:: Provided information ::
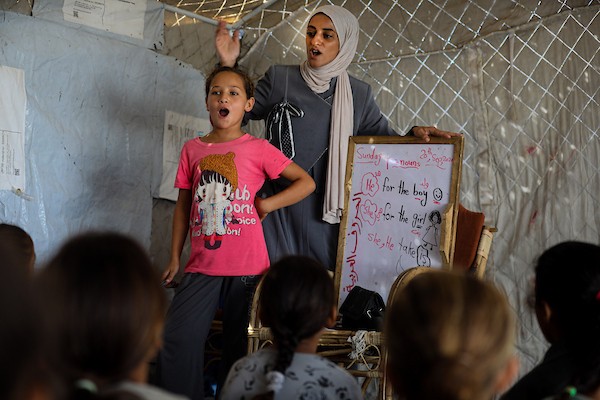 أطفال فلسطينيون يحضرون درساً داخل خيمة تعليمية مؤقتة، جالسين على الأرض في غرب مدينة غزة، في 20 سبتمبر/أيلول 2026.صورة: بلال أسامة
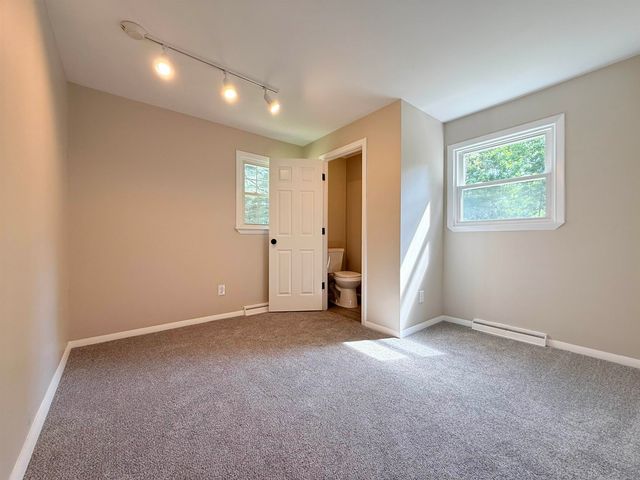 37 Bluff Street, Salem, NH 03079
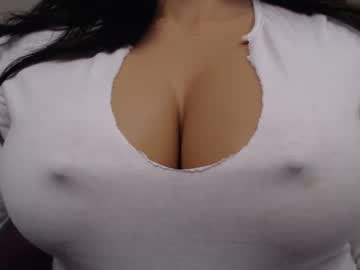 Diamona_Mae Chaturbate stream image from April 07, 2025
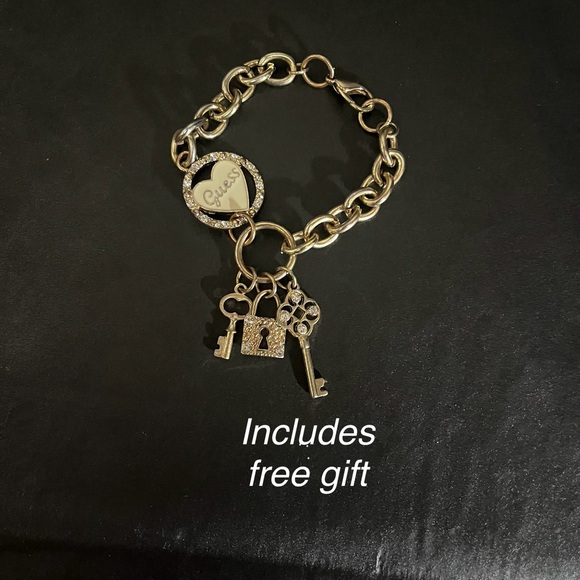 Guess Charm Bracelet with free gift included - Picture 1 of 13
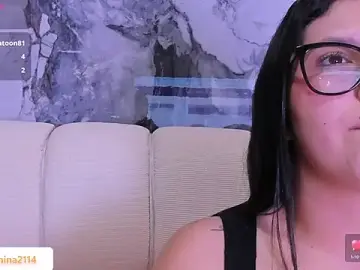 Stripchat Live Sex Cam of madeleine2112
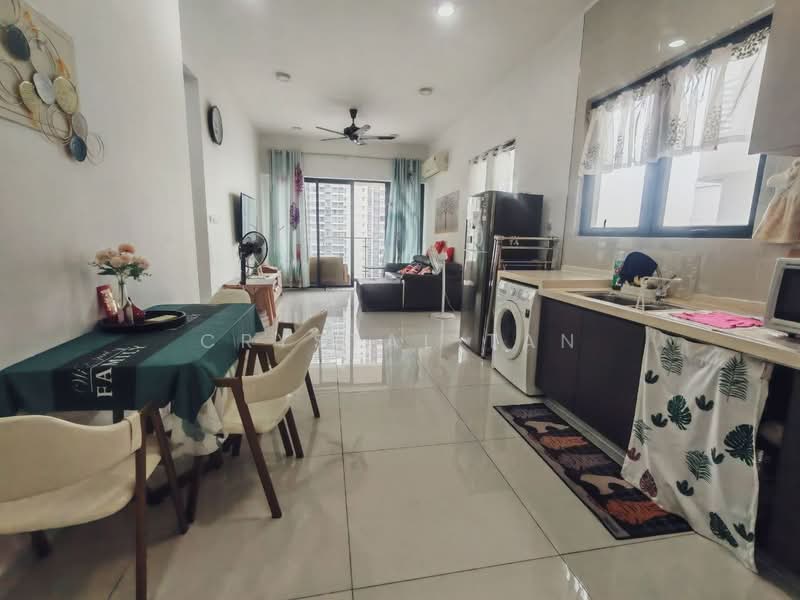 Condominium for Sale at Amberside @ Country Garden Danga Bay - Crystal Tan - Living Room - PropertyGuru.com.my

:: Requirement ::
Print out every record above exactly as given. Do not include the pictures.

:: Written response ::
 أطفال فلسطينيون يحضرون درساً داخل خيمة تعليمية مؤقتة، جالسين على الأرض في غرب مدينة غزة، في 20 سبتمبر/أيلول 2026.صورة: بلال أسامة
 37 Bluff Street, Salem, NH 03079
 Diamona_Mae Chaturbate stream image from April 07, 2025
 Guess Charm Bracelet with free gift included - Picture 1 of 13
 Stripchat Live Sex Cam of madeleine2112
 Condominium for Sale at Amberside @ Country Garden Danga Bay - Crystal Tan - Living Room - PropertyGuru.com.my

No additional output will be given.